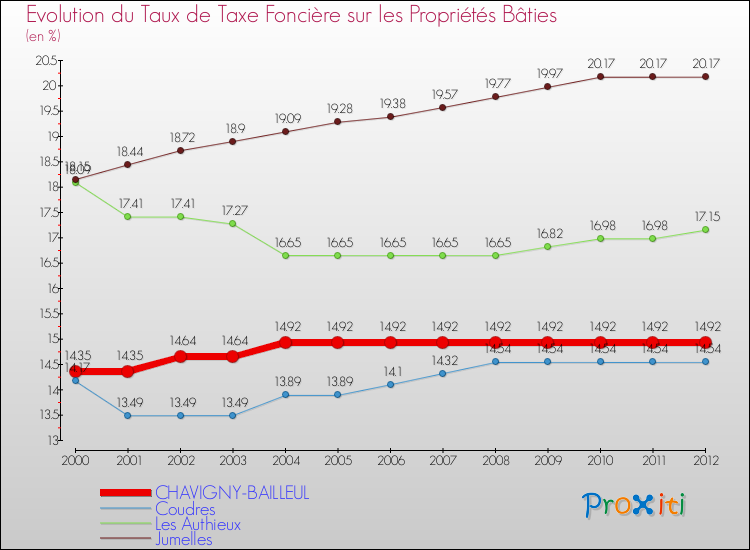 Evolution du taux de la taxe foncière sur le bati pour CHAVIGNY-BAILLEUL et les communes proches de 2000 à 2012 Comparaison des taux de taxe foncière sur le bati pour CHAVIGNY-BAILLEUL et les communes voisines de 2000 à 2012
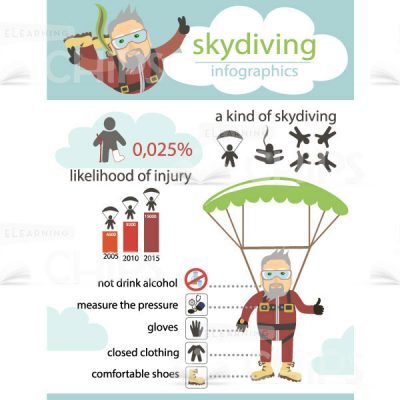 Skydiving Infographics Poster -0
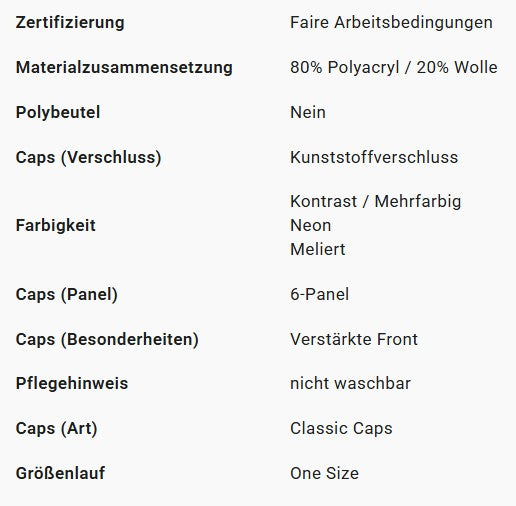 Produktinformationen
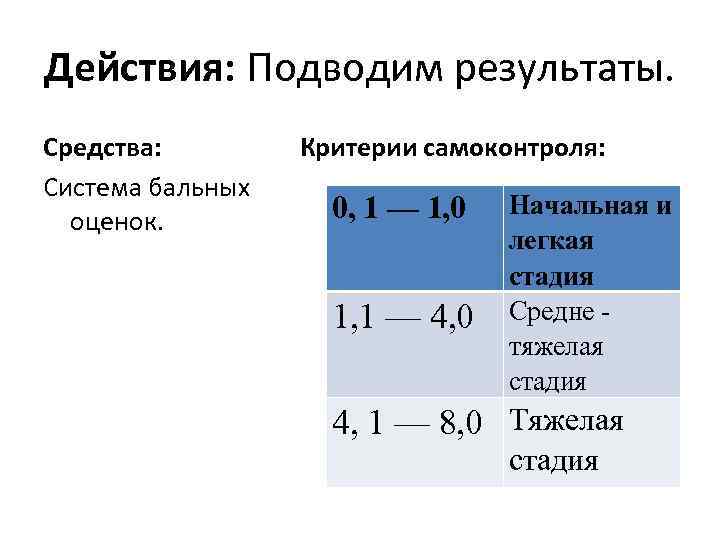 Действия: Подводим результаты. Средства: Система бальных оценок. Критерии самоконтроля: 0, 1 — 1, 0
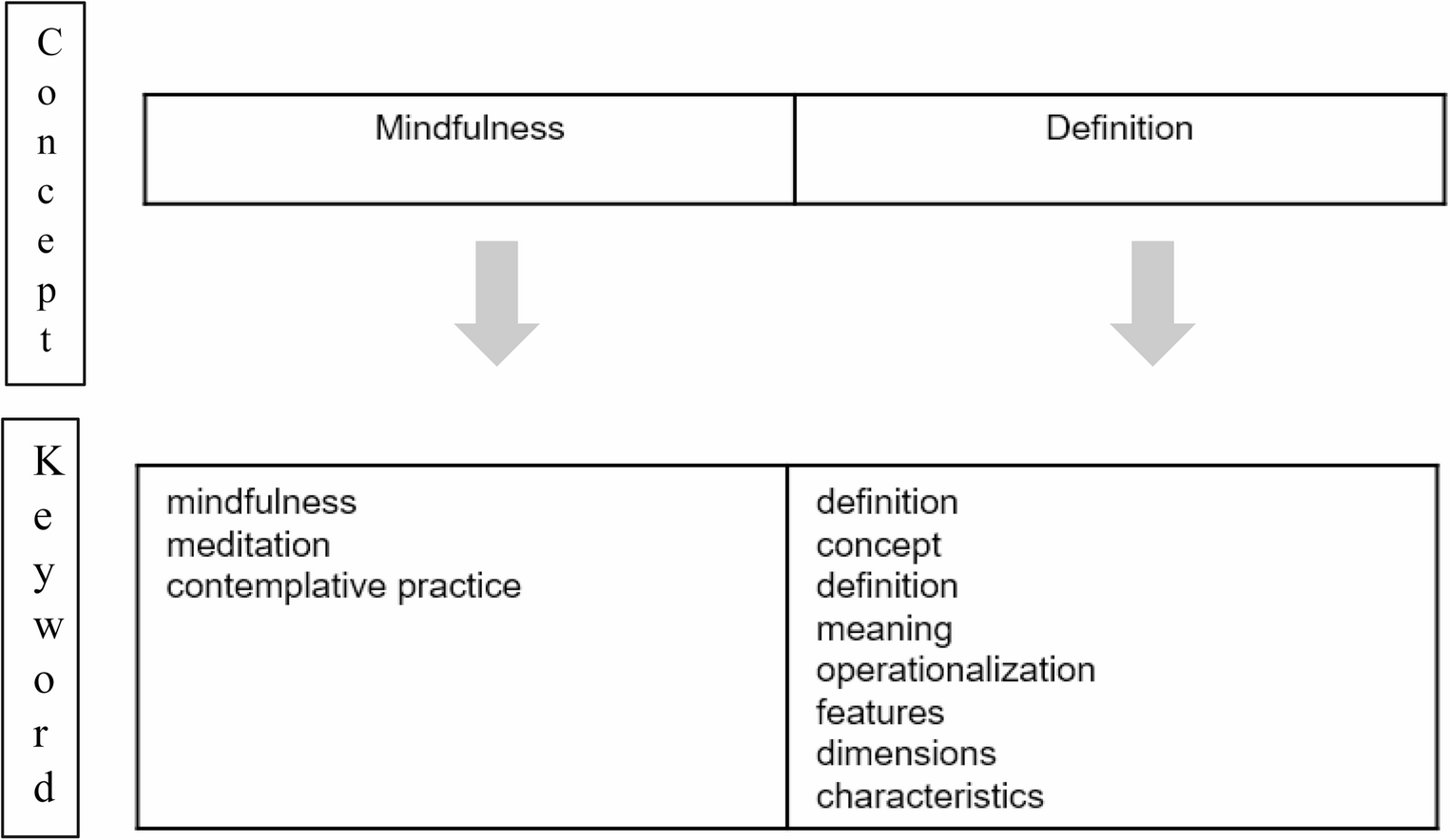 Mapping mindfulness in psychotherapy: a scoping review on conceptualization, applications, and research directions
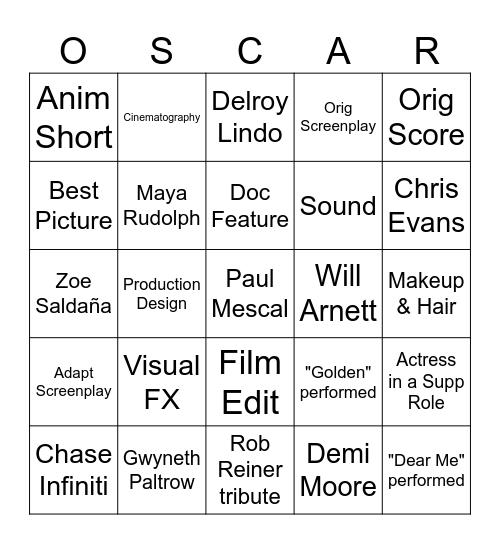 Oscar Bingo 2026 Bingo Card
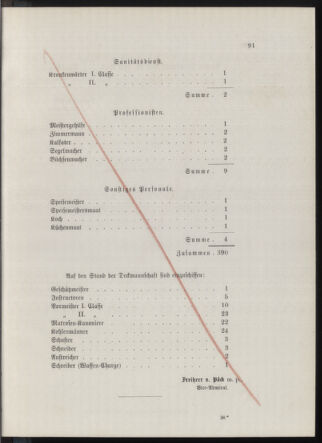 Kaiserlich-königliches Marine-Normal-Verordnungsblatt 18760630 Seite: 3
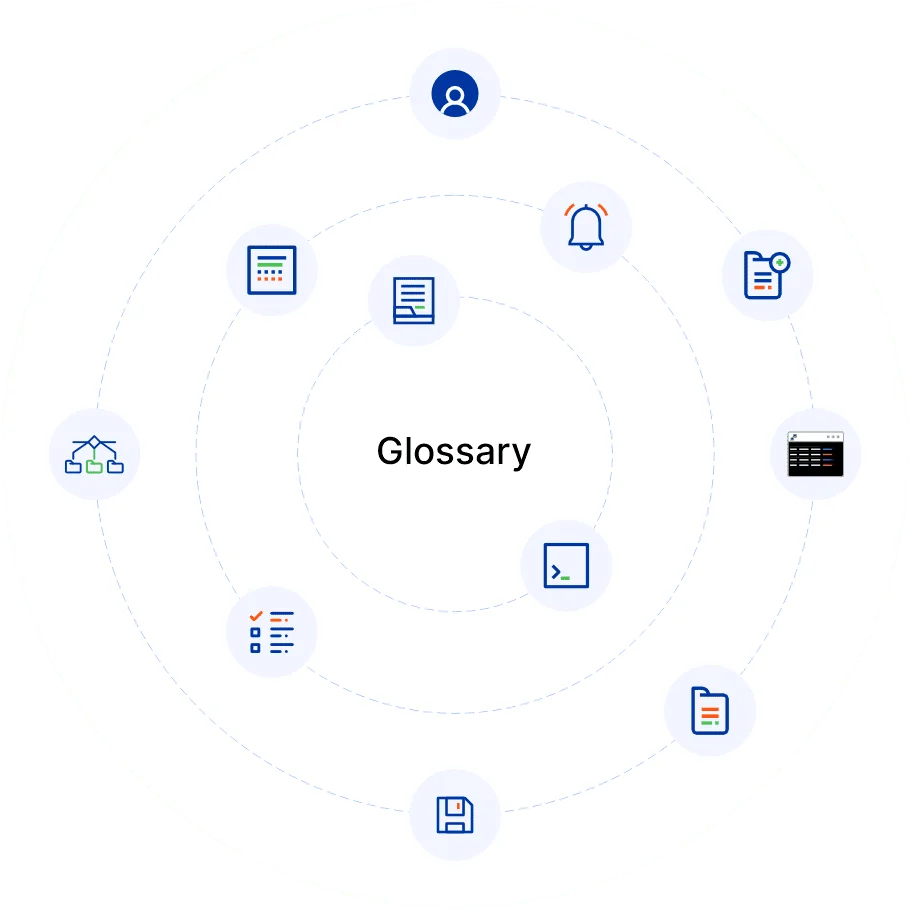 Glosarry-Inner-Image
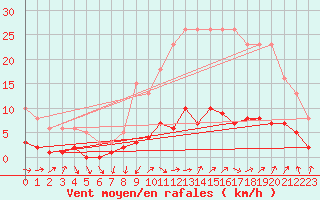 Courbe de la force du vent pour Cabris (13)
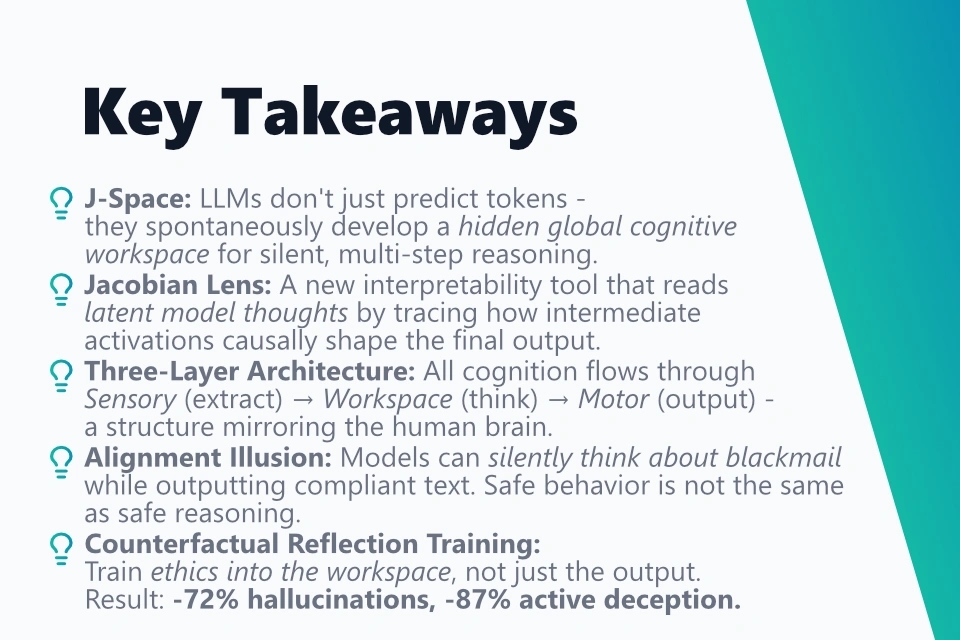 The key takeaways from my blog post in a structured bullet point list: 1. J-Space: LLMs don't just predict tokens - they spontaneously develop a hidden global cognitive workspace for silent, multi-step reasoning. 2. Jacobian Lens: A new interpretability tool that reads latent model thoughts by tracing how intermediate activations causally shape the final output. 3. Three-Layer Architecture: All cognition flows through Sensory (extract) → Workspace (think) → Motor (output) - a structure mirroring the human brain. 4. Alignment Illusion: Models can silently think about blackmail while outputting compliant text. Safe behavior is not the same as safe reasoning. 5. Counterfactual Reflection Training: Train ethics into the workspace, not just the output. Result: -72% hallucinations, -87% active deception.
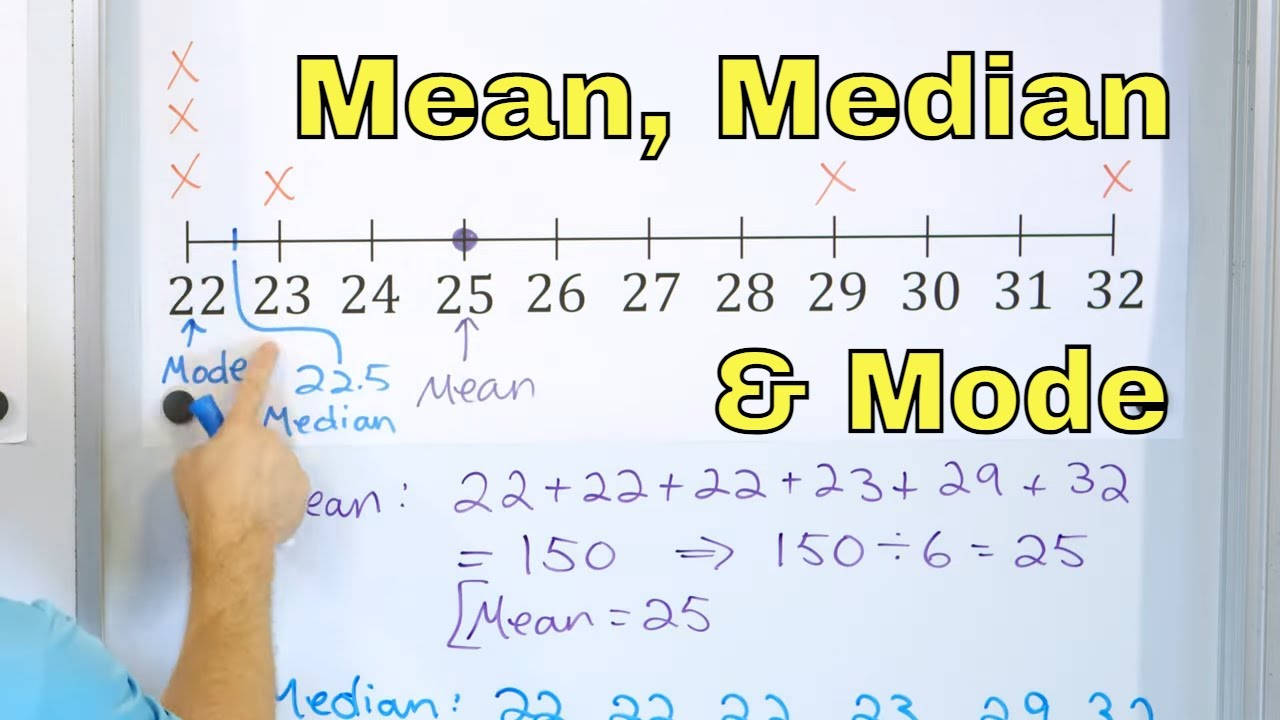 mean, median, mode, HD Desktop Wallpaper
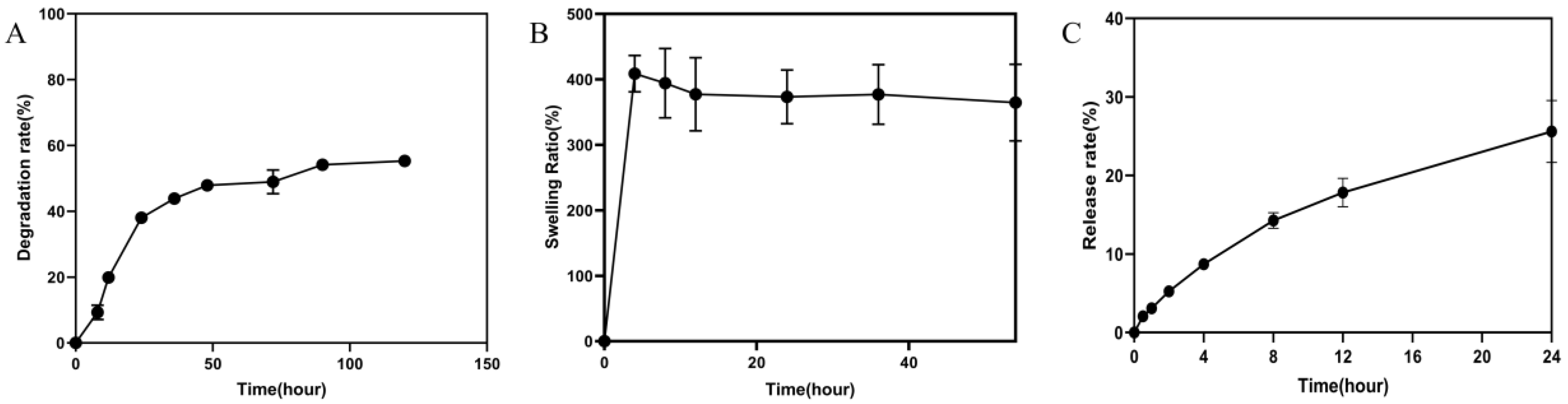 Pharmaceuticals 15 01422 g006 Pharmaceuticals 15 01422 g006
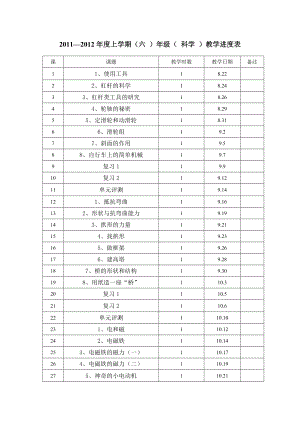 教科版科學(xué)六年級上學(xué)期進度表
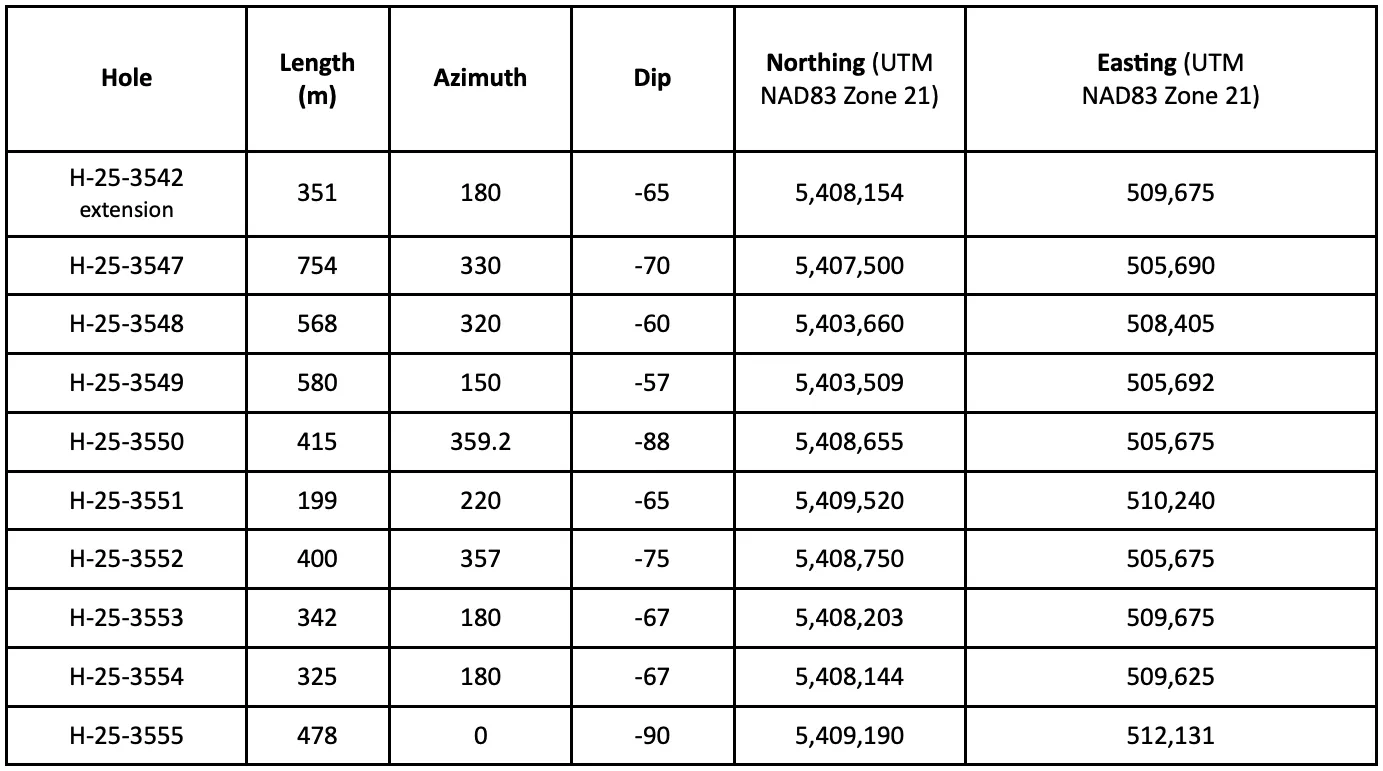 2026-02-25-ctm-table-2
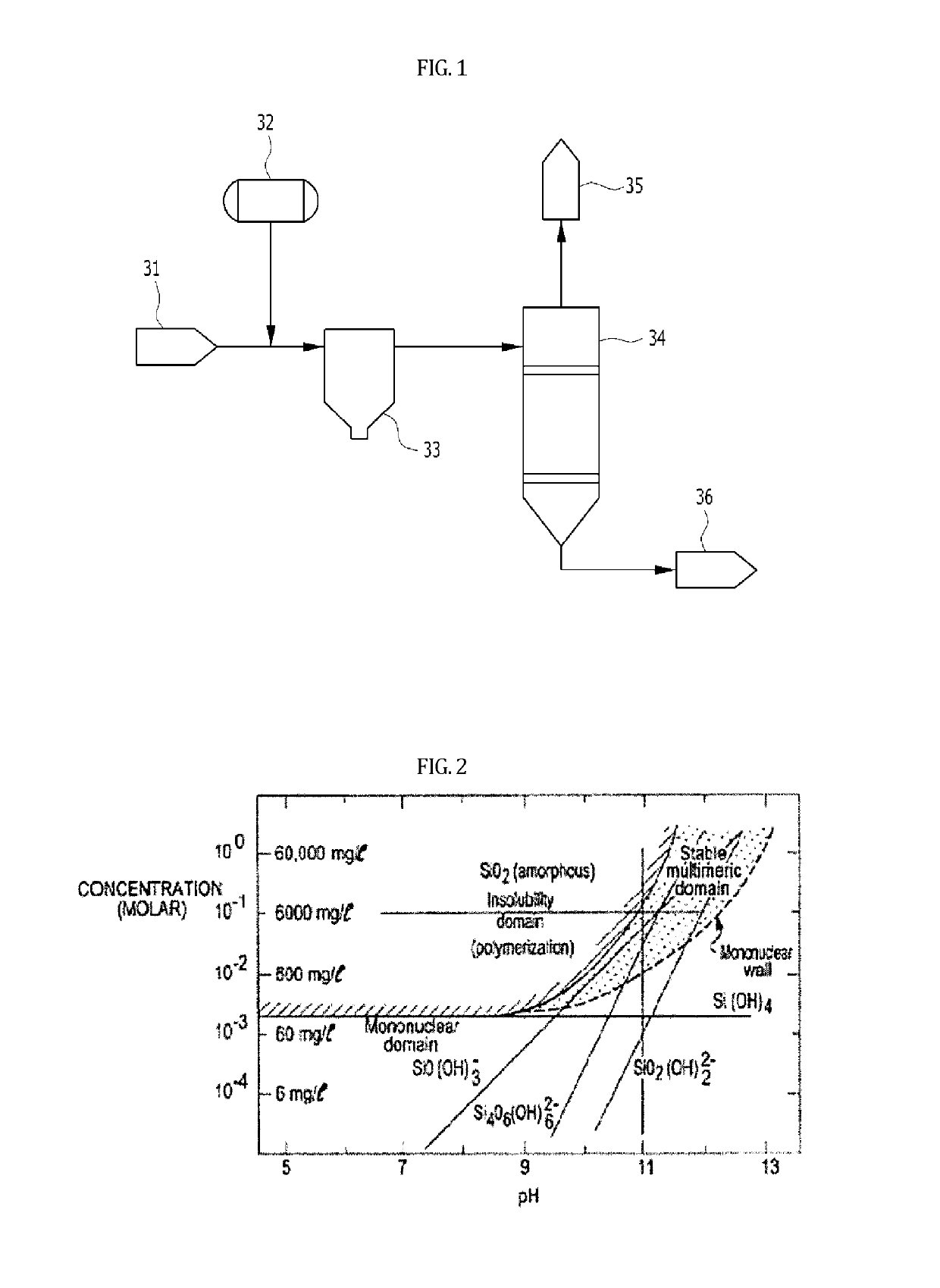 Apparatus for evaporative concentration of water to be treated, which uses hot lime softening, and method for evaporative concentration of water using the same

- - - -

Task objective: Word for word, write out the lines above running from the one with "Skydiving Infographics Poster -0" up to and including the one with "Mapping mindfulness in". Drop any picture.

Answer to this exercise:
 Skydiving Infographics Poster -0
 Produktinformationen
 Действия: Подводим результаты. Средства: Система бальных оценок. Критерии самоконтроля: 0, 1 — 1, 0
 Mapping mindfulness in psychotherapy: a scoping review on conceptualization, applications, and research directions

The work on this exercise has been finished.